Among the entries below, only the lines starting at the one with "Used 2020 Land" and ending at the one with "泪流满面[流泪][流泪]原来", both included, are to be printed exactly.

START Listed entries

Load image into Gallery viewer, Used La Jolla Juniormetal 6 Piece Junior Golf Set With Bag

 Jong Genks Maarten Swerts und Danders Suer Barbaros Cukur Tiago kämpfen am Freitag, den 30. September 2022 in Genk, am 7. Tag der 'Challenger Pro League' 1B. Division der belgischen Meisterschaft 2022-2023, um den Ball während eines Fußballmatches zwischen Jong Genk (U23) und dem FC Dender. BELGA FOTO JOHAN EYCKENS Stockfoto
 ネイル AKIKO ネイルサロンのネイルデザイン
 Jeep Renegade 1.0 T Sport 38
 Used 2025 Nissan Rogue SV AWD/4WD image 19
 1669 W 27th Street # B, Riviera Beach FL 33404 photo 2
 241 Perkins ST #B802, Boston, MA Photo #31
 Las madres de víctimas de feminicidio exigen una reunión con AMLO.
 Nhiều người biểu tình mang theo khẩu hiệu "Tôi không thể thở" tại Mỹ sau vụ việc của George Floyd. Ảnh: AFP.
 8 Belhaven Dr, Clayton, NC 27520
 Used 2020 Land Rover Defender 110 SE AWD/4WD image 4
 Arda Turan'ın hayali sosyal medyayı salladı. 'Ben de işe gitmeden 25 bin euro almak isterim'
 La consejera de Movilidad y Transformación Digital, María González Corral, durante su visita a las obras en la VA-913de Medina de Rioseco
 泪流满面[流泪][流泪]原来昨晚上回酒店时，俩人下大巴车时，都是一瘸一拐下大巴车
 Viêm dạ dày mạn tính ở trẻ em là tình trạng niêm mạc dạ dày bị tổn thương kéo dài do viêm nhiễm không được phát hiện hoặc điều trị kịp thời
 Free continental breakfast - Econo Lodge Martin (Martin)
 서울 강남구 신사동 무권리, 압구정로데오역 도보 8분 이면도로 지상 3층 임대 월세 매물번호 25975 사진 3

END Listed entries

- [Answer to the problem]:
 Used 2020 Land Rover Defender 110 SE AWD/4WD image 4
 Arda Turan'ın hayali sosyal medyayı salladı. 'Ben de işe gitmeden 25 bin euro almak isterim'
 La consejera de Movilidad y Transformación Digital, María González Corral, durante su visita a las obras en la VA-913de Medina de Rioseco
 泪流满面[流泪][流泪]原来昨晚上回酒店时，俩人下大巴车时，都是一瘸一拐下大巴车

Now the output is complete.